We ran the Coverity AUDIT.SPECULATIVE_EXECUTION_DATA_LEAK checker on several real-life codebases. Recall that the checker doesn’t guarantee that the code is exploitable. Rather, it’s meant to flag problematic code patterns. It’s up to the developer to examine the defect report and decide the appropriate remediation. In our experiments, the checker reported on average 1 defect for every 35,000 lines of code. This is significantly less than the total number of branching instructions in the code and a manageable number of defects for developers to examine.

The following example is based on one of the defects the checker found in a real codebase. We chose this example to highlight our checker’s features. The checker can detect patterns spreading over many lines of code that would be difficult to identify by code review. For brevity, the code has been shortened to show only relevant parts:

Detecting Spectre vulnerability exploits with static analysis

If the x parameter to victim_function can be controlled by an attacker, the code is potentially vulnerable to the bounds check bypass variant of Spectre. x + offset is compared to data->header.maxIndex on line 35. Assuming the attacker can mistrain the branch predictor, the array access on line 36, index = array1[x + offset], would be speculatively executed even if x + offset is out of bounds. This could lead to sensitive data being stored in the index variable. Recall that an attacker cannot access it directly but must use it as an index to access memory. index is later used as an index on line 48: data->array2[index * 512]. If the attacker can ensure that data->array2[index * 512] is not in the cache, the cache location corresponding to the sensitive value index will be updated. Using cache timing attacks, the attacker may be able to retrieve part of the sensitive data.

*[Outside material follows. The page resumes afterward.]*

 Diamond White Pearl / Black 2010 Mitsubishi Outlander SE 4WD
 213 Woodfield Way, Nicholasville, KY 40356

Identifying the vulnerable code is only half of the job. Figuring out the correct way to protect against the effects of the attack is equally important.

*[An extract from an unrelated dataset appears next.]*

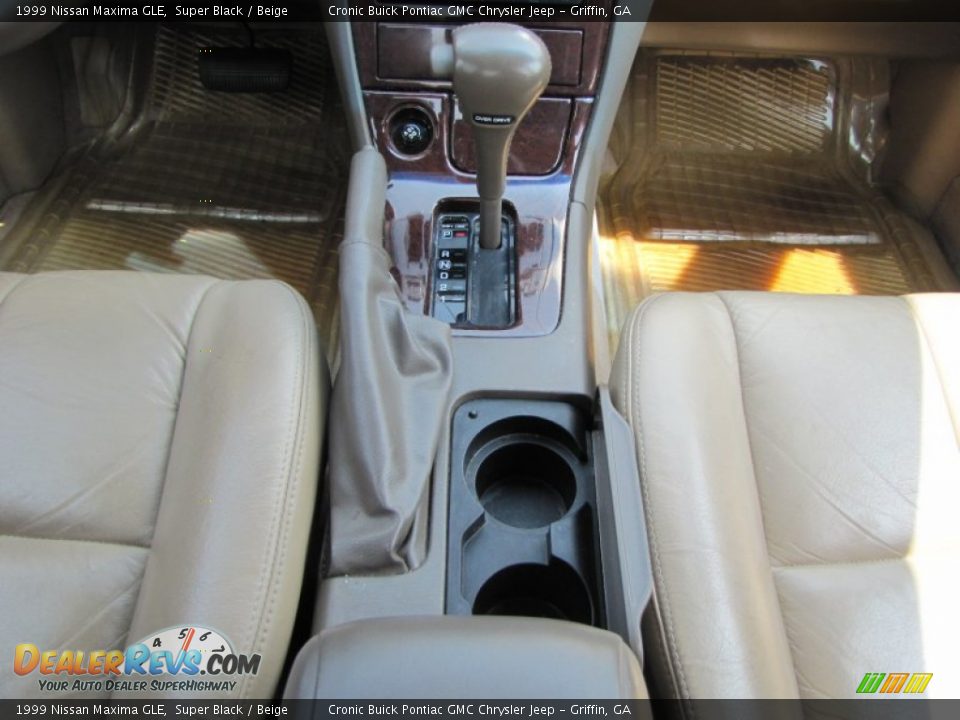 1999 Nissan Maxima GLE Super Black / Beige Photo #17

The root cause of the attack is the fact that speculative execution does not revert the changes to the cache. A natural fix is to disable speculative execution by adding special instructions that serialize the instructions after the comparison statement. This tells the processor to execute the instructions in program order: “Wait until the comparison statement has been executed to determine which branch to take.” Intel has issued a white paper that provides a way of doing this. In the following example, the _mm_lfence()instruction ensures that the if-statement will not be speculatively executed:

if (x < array1_size) {
  v= array2[array1[x] * 256];

But adding an _mm_lfence()instruction after every conditional branch would result in impractical slowdowns. Therefore, it’s important to add these instructions only to code that is vulnerable to Spectre. The Coverity AUDIT.SENSITIVE_DATA_LEAK checker addresses this need by helping developers find these vulnerable code patterns.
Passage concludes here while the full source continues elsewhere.